Riley Keough Is Unrecognizable In Her New Movie ‘Zola’: How She Did It
Since becoming an actor, Riley Keough has transformed in many challenging roles. She played an escaped concubine in the apocalypse of Mad Max: Fury Road, a female escort in Starz’s provocative series The Girlfriend Experience and a traveling magazine salesperson in American Honey. In her new film Zola, she plays a character based on a Twitter thread.
A’Ziah King tweeted her story about a friend who dragged her to Florida to dance, and ended up with her pimp. Zola brings to life the tale of Zola (Taylour Paige) and Stefani (Keough)’s trip to Florida and the wild antics that ensue. Keough not only looks the part, but she speaks like the woman King described. Zola premiered at the Sundance Film Festival where Keough was on stage with director Janicza Bravo to discuss bringing Stefani to life.
Riley Keough couldn’t have acted a Twitter thread without this
Bravo and co-writer Jeremy O. Harris adapted King’s Twitter thread into a screenplay. Keough said she couldn’t have played Stefani if they had not done the heavy lifting first.
“For one, Jeremy and Janicza, a lot of this character was on the page already,” Keough said. “The words she’s using, the way she was speaking, the character was kind of on the page. The next step was talking about Janicza about exactly what she wanted from this character. Obviously A’Ziah was part of that conversation. She seemed to want it take it there.”

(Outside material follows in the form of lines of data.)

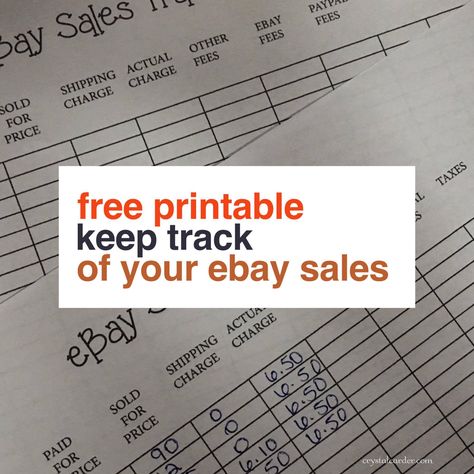 This eBay Sales Tracker is a free printable. It's almost like a spreadsheet and it is so easy to use. It makes keeping track of all your eBay sales a breeze Ebay Inventory Organization, Ebay Office, Inventory Printable, Inventory Organization, Ebay Selling Tips, Sales Template, Sales Tracker, Reselling Business, Ebay Hacks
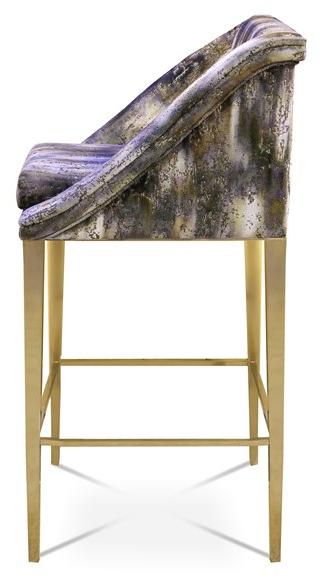 KOKET Табурет из мягкой ткани с подставкой для ног Geisha sun-id-1499598 - Вид №2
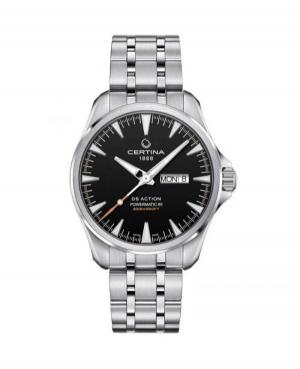 Men Classic Diver Luxury Swiss Automatic Analog Watch CERTINA C032.430.11.051.00 Black Dial 41mm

Riley Keough had one insight into the real Stefani
After King’s Twitter thread went viral, her friend posted her own version of events. Bravo included that in Zola.
“I remember when A’Ziah had tweeted this story and I started to do dramaturgical research on it, most of the articles written about her story questioned the validity of it,” Bravo said. “The character that Riley and Nic[holas Braun] are also loosely based on had also told their version of the events, one on Reddit, one on Facebook.”
The Reddit thread helped Keough get into Stefani’s head, and should answer any audience questions too.
“The movie in a way is a kind of love letter to the Internet and cell phones and screens,” Bravo continued. “So I didn’t want to walk away from the movie and have anybody ask, well, what did Stefani think? I was like, ‘You know what she thinks. It’s here.’”
Writing Stefani’s voice was exhausting
Stefani is a white woman who mimics traditionally black dialects and slang. Keough was hesitant to speak like Stefanie, but Bravo guided her.
“I wanted it to feel stressful that those kinds of people feel stressful to me,” Bravo said. “She’s in blackface. It’s a black woman’s story about her relationship to this white woman. It was very important to me in my body to make sure that Taylour was what I needed her to be which was some version of myself and that Riley was a version her nightmare.”
For pretty much anything Stefani said, Keough had questions.
“Just on the specifics, we worked together on the way I was talking,” Keough said. “Voice notes, yes or no, more stressful. I worked with a woman named Aris Mendoza on it and I just really worked with Janicza.”